El problema ingenieril es este: el escape entrega energía a la rueda de segundos mediante impulsos continuos. Para obtener un salto limpio, hay que acumular esa energía, bloquearla y liberarla en un instante. Hay al menos dos arquitecturas consolidadas. La primera utiliza un sistema de muelle y palanca: el muelle se carga durante el arco del segundo, la palanca lo retiene y luego lo libera de golpe. La segunda, adoptada entre otros por A. Lange & Söhne en el Richard Lange Jumping Seconds, utiliza una estrella de cinco puntas y una varilla llamada flirt: la estrella gira cada cinco segundos, los vértices bloquean y liberan el flirt, que arrastra la aguja hacia la siguiente marca. Esta solución a menudo va acompañada de un mecanismo de fuerza constante, porque una entrega energética uniforme es fundamental para mantener el salto preciso durante toda la reserva de marcha.
Habring² ha construido gran parte de su propia identidad alrededor de esta complicación: el calibre A11S añade siete componentes al movimiento base, y el mecanismo es visible desde la caja de fondo. Arnold & Son declinó el concepto con el DSTB — Dial Side True Beat — trasladando el mecanismo al lado de la esfera en lugar de ocultarlo en la parte posterior. Bell & Ross en el DB2517 Kind of Two GMT realizó la rueda de accionamiento en oro de 14 quilates, una elección constructiva inusual para un componente funcional.

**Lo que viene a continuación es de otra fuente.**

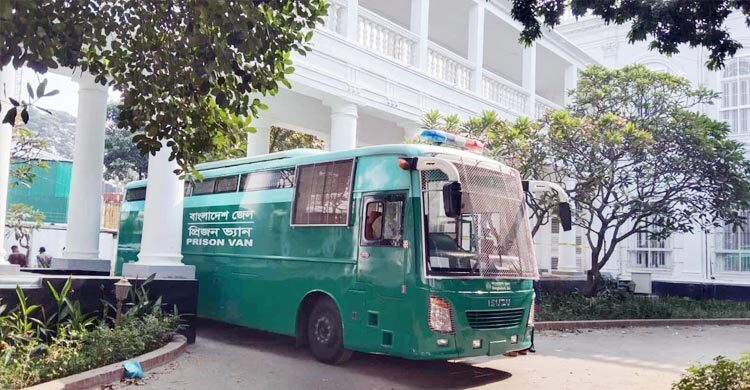 কড়া নিরাপত্তায় ট্রাইব্যুনালে ১০ সেনা কর্মকর্তা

El segundo fulguración es un pariente cercano pero no idéntico: también allí la aguja avanza a saltos, pero completa una vuelta entera en un segundo, marcando fracciones de segundo — típicamente un sexto — no segundos completos. Es un indicador de alta velocidad, no de precisión al segundo.
Una función accesoria frecuentemente asociada es el retorno a cero: tirando de la corona, la aguja vuelve instantáneamente a cero para permitir la sincronización con la señal horaria. En el cuarzo, el salto de dos segundos del Seiko V192 es en cambio una advertencia de batería baja: misma gestualidad, función opuesta.